The conference was part of the Young Writers' Institute, a yearlong program that is included in some elementary schools' Gifted and Talented (GT) curriculum. Children meet weekly to write and learn about the writing process, from brainstorming to final editing.

At the conference, adults in a variety of fields met with the pupils. On hand were a cartoonist, police officer, media specialist, songwriter and others, all of whom use writing in their work. And that is the point organizers Noel Richman and Kim Eubanks hope to make.

"We think this variety of people really gives kids a broad perspective of what writing is," said Richman, a GT specialist at Swansfield Elementary.

Before the institute began in 2000, "a lot of teachers were in their own schools individually trying to figure out what to do with the gifted writers they had," Richman said.

At a conference, "a bunch of us got together and talked about what we were doing for the gifted writers," she said. "From there we thought, `Wouldn't it be great to bring them together and expose them not only to each other, but to practicing professionals.' "

Eubanks, GT specialist at Dasher Green Elementary, said, "Many schools have taught creative writing, but this was the first time that it was formalized. ... We tried to make it something grander."

Five schools participated in the first conference, with about 60 children attending. Now in its third year, the program has grown to 14 schools.
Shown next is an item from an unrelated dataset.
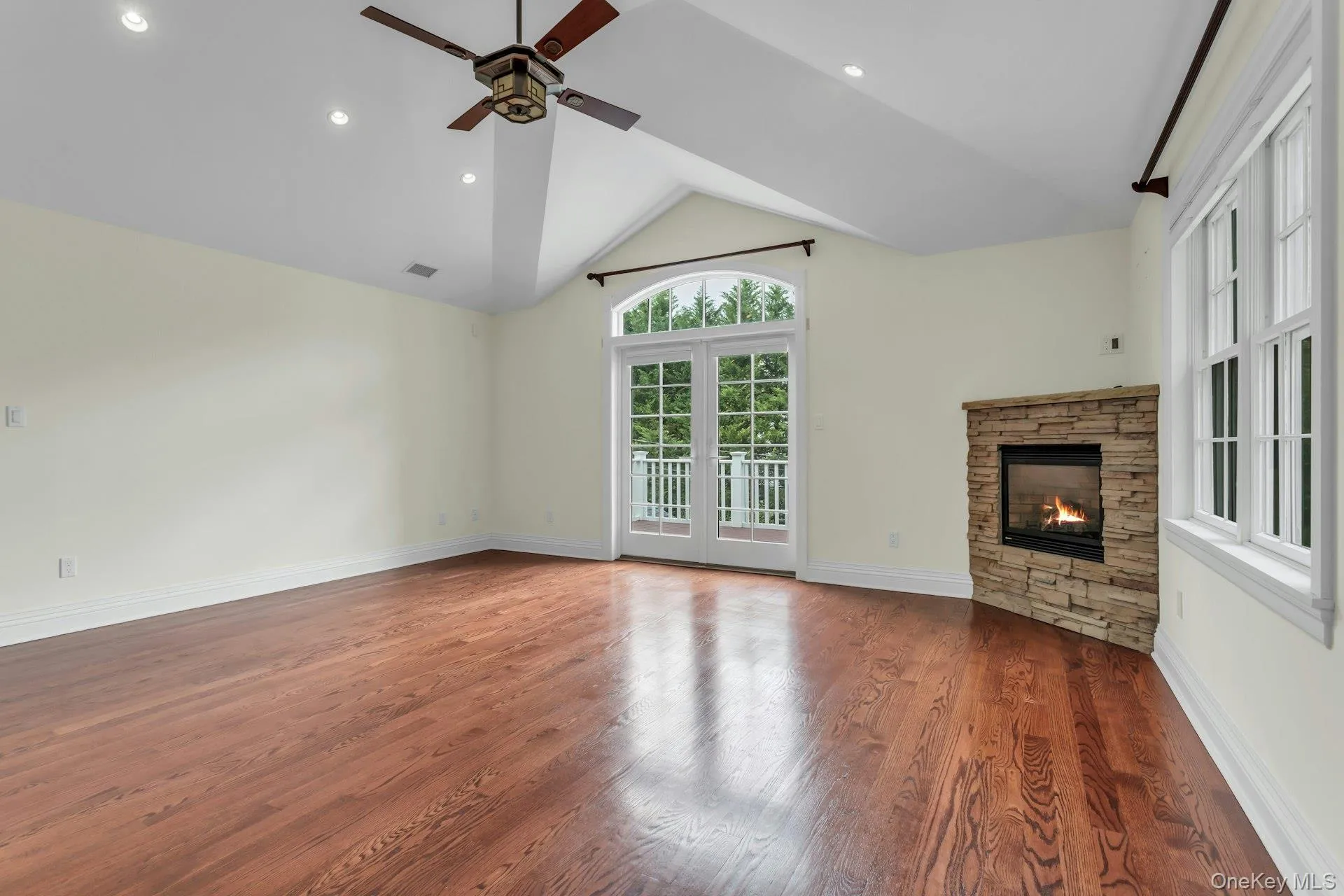 11 Plandome Drive, North Hempstead, NY, 6 Bedrooms Bedrooms, 11 Rooms Rooms,5 BathroomsBathrooms,Residential Lease,For Rent,Plandome,0,1002417 11 Plandome Drive, North Hempstead, NY, 6 Bedrooms Bedrooms, 11 Rooms Rooms,5 BathroomsBathrooms,Residential Lease,For Rent,Plandome,0,1002417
Fourth-graders and fifth-graders who attended the conference had a chance to apply what they were learning. A software engineer from the National Aeronautics and Space Administration had them do an experiment and write a report.

A sports copy editor gave them newspaper clips about a basketball game, player statistics and a team information sheet. From those they compiled a sports column.

Michelle Green was one of the keynote speakers. The Upper Marlboro resident recently published A Strong Right Arm: The Story of Mamie Peanut Johnson, a biography for young readers.

"I love giving back to young writers," Green said. "For children, I talk about the importance of finding their voice [as writers] but also as individuals."

Lindsey Bass, 9, a fourth-grader at Waterloo Elementary, said, "I like meeting the authors 'cause it's fun to actually see the people that have written some of the books you've read."

After Green's speech, the pupils broke into smaller sessions. At one of these, Louise Wall, library media specialist at Waterloo, noted that fantasy authors use stories they heard as children.

"There are authors who are living today who are nothing but downright thieves," Wall said in mock alarm. "They have stolen ideas" from folk tales and fairy tales.

"The first question that children ask authors [is], `Where do you get these ideas?' This way they can see ... many authors get their ideas from ancient oral traditions."

Sean Anderson, 11, a fifth-grader at Northfield Elementary, likes to write fantasy and mystery stories. "I'm learning how to express my ideas better than before, and I'm learning how to write better stories," he said.

Later in the year, each school in the Young Writers' Institute will honor the voices of these young writers with an anthology of their work. The program concludes when schoolchildren gather again to share their writing. Funding through the county's GT office pays for the course, including the conference and an anthology for each child.

"It elevates the children from their daily writing tasks to what the future can bring ... that the writing can take wings, that it can be a part of your life," said Jackie Benner, GT teacher at Pointers Run Elementary.

"By putting on this very adult, very businesslike formal conference, it gives the children the sense that we value them as writers because they come in acting very professional, very excited," Eubanks said. "They get this sense that what they do is valuable."